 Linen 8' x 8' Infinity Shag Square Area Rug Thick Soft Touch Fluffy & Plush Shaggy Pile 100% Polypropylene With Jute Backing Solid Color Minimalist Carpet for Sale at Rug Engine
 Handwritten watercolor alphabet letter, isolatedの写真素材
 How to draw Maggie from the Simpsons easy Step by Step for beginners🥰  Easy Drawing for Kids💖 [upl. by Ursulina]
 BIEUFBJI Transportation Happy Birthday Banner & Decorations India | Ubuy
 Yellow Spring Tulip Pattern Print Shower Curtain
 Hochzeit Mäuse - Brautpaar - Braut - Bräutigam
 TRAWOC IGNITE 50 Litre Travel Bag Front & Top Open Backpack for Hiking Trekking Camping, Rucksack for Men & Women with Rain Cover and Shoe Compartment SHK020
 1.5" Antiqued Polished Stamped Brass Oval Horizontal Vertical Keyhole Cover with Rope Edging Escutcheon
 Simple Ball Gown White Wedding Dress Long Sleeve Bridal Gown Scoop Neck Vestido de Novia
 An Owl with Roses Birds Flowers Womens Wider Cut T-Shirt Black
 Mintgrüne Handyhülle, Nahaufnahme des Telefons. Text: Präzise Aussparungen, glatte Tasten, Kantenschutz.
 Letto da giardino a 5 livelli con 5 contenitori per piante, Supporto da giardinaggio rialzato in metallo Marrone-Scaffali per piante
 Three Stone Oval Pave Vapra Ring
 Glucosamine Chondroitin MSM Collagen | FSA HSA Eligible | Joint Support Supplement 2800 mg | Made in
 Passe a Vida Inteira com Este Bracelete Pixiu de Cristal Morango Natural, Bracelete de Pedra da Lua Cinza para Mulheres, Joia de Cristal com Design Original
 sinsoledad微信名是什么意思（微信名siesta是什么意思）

※

EXERCISE REQUIREMENTS. Using the material above, retype every line without altering it.

EXERCISE SOLUTION.
 Linen 8' x 8' Infinity Shag Square Area Rug Thick Soft Touch Fluffy & Plush Shaggy Pile 100% Polypropylene With Jute Backing Solid Color Minimalist Carpet for Sale at Rug Engine
 Handwritten watercolor alphabet letter, isolatedの写真素材
 How to draw Maggie from the Simpsons easy Step by Step for beginners🥰  Easy Drawing for Kids💖 [upl. by Ursulina]
 BIEUFBJI Transportation Happy Birthday Banner & Decorations India | Ubuy
 Yellow Spring Tulip Pattern Print Shower Curtain
 Hochzeit Mäuse - Brautpaar - Braut - Bräutigam
 TRAWOC IGNITE 50 Litre Travel Bag Front & Top Open Backpack for Hiking Trekking Camping, Rucksack for Men & Women with Rain Cover and Shoe Compartment SHK020
 1.5" Antiqued Polished Stamped Brass Oval Horizontal Vertical Keyhole Cover with Rope Edging Escutcheon
 Simple Ball Gown White Wedding Dress Long Sleeve Bridal Gown Scoop Neck Vestido de Novia
 An Owl with Roses Birds Flowers Womens Wider Cut T-Shirt Black
 Mintgrüne Handyhülle, Nahaufnahme des Telefons. Text: Präzise Aussparungen, glatte Tasten, Kantenschutz.
 Letto da giardino a 5 livelli con 5 contenitori per piante, Supporto da giardinaggio rialzato in metallo Marrone-Scaffali per piante
 Three Stone Oval Pave Vapra Ring
 Glucosamine Chondroitin MSM Collagen | FSA HSA Eligible | Joint Support Supplement 2800 mg | Made in
 Passe a Vida Inteira com Este Bracelete Pixiu de Cristal Morango Natural, Bracelete de Pedra da Lua Cinza para Mulheres, Joia de Cristal com Design Original
 sinsoledad微信名是什么意思（微信名siesta是什么意思）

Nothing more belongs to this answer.